SELECT * FROM prod.db.table. History SELECT * FROM prod.db.table. History

Offline data writing:

1) Insert into 2) Insert overwrite 3) Merge into

Analyze the query:

It mainly supports everyday quasi-real-time analysis query scenarios.

13. Computing Engine — Trino/Presto

Autobi has been integrated with Presto for reporting, analytical query scenarios.

Trino

1) Iceberg is directly used as the report data source

2) need to add metadata caching mechanism: https://github.com/trinodb/tr…

Presto

Community integration: https://github.com/prestodb/p…

14. A pothole

  1. Access the Hive Metastore exception

Problem Description: A misuse of the HiveConf constructor caused declared configurations in the Hive client to be overridden, resulting in an exception when accessing Hive Metastore

Solution (PR-2075) : Fix the construction of HiveConf to show that the AddResource method is called to ensure that the configuration is not overridden: HiveConf.addResource (conf);

2.Hive Metastore was not released

CommitFailedException: Timed out after 181138 MS Waiting for lock XXX. “The reason is that the HiveMetastoReclient. lock method also needs to display Unlock even if the lock is not obtained, otherwise it will cause the above exception.

Solution (PR-2263) : Optimize the HivetableOperations# AcquireLock method to show that the unlock is called to release the lock if the lock acquisition fails.

  1. Metadata file missing

NotFoundException Failed to open input stream for file: xxx.metadata.json NotFoundException Failed to open input stream for file: xxx.metadata.json

Solution (PR-2328) : When calling Hive Metastore to update the metadata_location of the Iceberg table, add a checking mechanism to confirm that the metadata is not saved successfully and then delete the metadata file.

III. Revenue and summary

1. Summary

Through the exploration of the integration of lake warehouse and flow batch, we have made a summary respectively.

One lake storehouse

1) Iceberg supports Hive Metastore;

2) The overall usage is similar to Hive tables: same data format, same computing engine.

Flow of fusion

Realize the unification of streams and batches in quasi-real-time scenarios: same origin, same computation and same storage.

2. Business income

Improved data timeliness:

The warehousing delay was reduced from more than 2 hours to less than 10 minutes; The SLA, the core task of the algorithm, was completed 2 hours ahead of schedule.

Quasi-real-time analysis queries:

Combined with Spark 3 and Trino, support for quasi-real-time multidimensional analytical queries.

Feature engineering benefits:

The quasi-real-time sample data is provided to improve the timeliness of model training.

CDC data quasi-real-time warehousing:

Can be in the data warehouse for the business table to do real-time analysis query.

3. Architecture benefits – Quasi-real-time data storehouse

As mentioned above, we support quasi-real-time warehousing and analysis, which is equivalent to providing a basic framework verification for the subsequent construction of quasi-real-time data warehousing.

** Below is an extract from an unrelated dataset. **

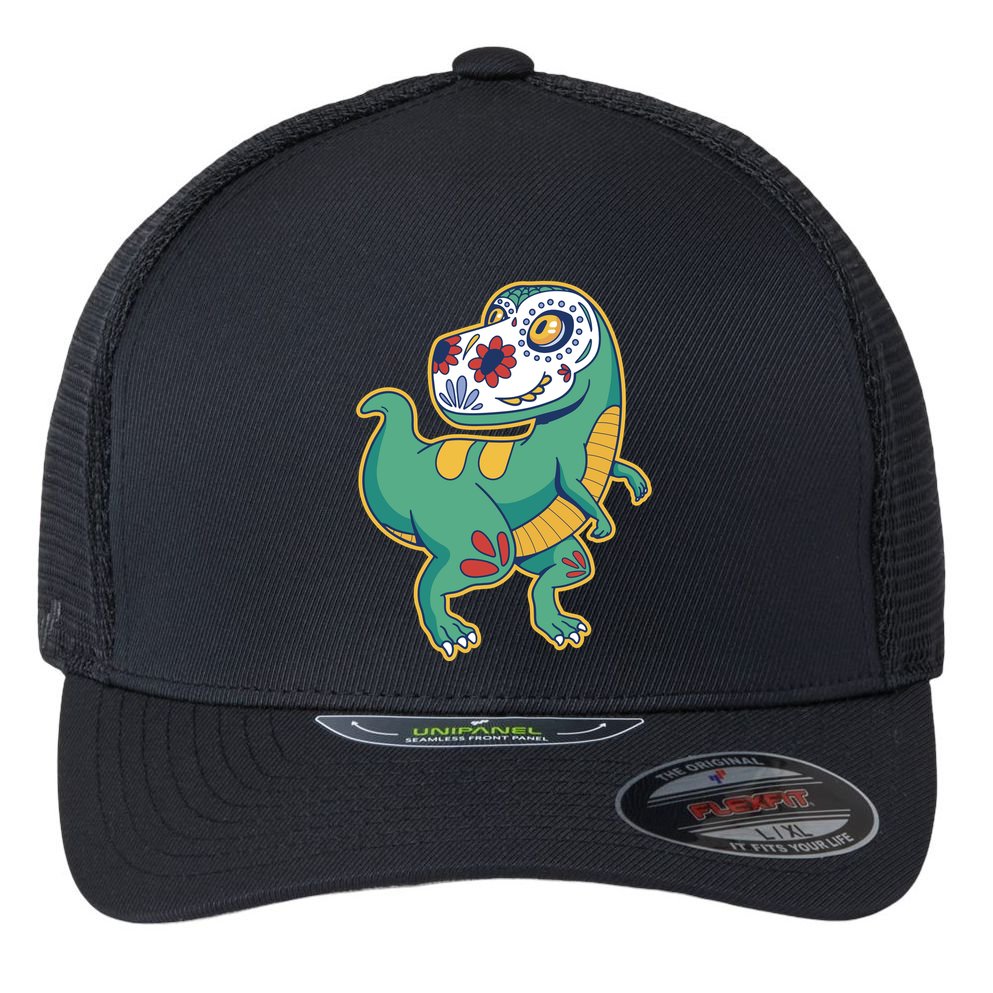 Sugar Skull Rex Cinco De Mayo Flexfit Unipanel Trucker Cap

The advantage of the quasi-real-time data storehouse is that it is developed at one time, with unified caliber and unified storage. It is a real batch stream integration. The disadvantage is poor real-time, where once you had second, millisecond latency, now you have minute data visibility.

However, in terms of architecture, this is of great significance. In the future, we can see some hope that we can transform the original “T + 1” database into a quasi-real-time database, improve the overall data timeliness of the database, and then better support the upstream and downstream businesses.

IV. Follow-up planning

1. Follow the Iceberg version

Fully open V2 format, support CDC data MOR into the lake.

2. Construction of quasi-real-time data warehouse

Based on Flink through Data Pipeline mode log warehouse all levels of table speed up.

3. Batch together

As the Upsert functionality continues to improve, we continue to explore the storage-level stream batch integration.

4. Multidimensional analysis

Quasi-real-time multidimensional analysis based on Presto/Spark3 output.

This article is the original content of Aliyun, shall not be reproduced without permission.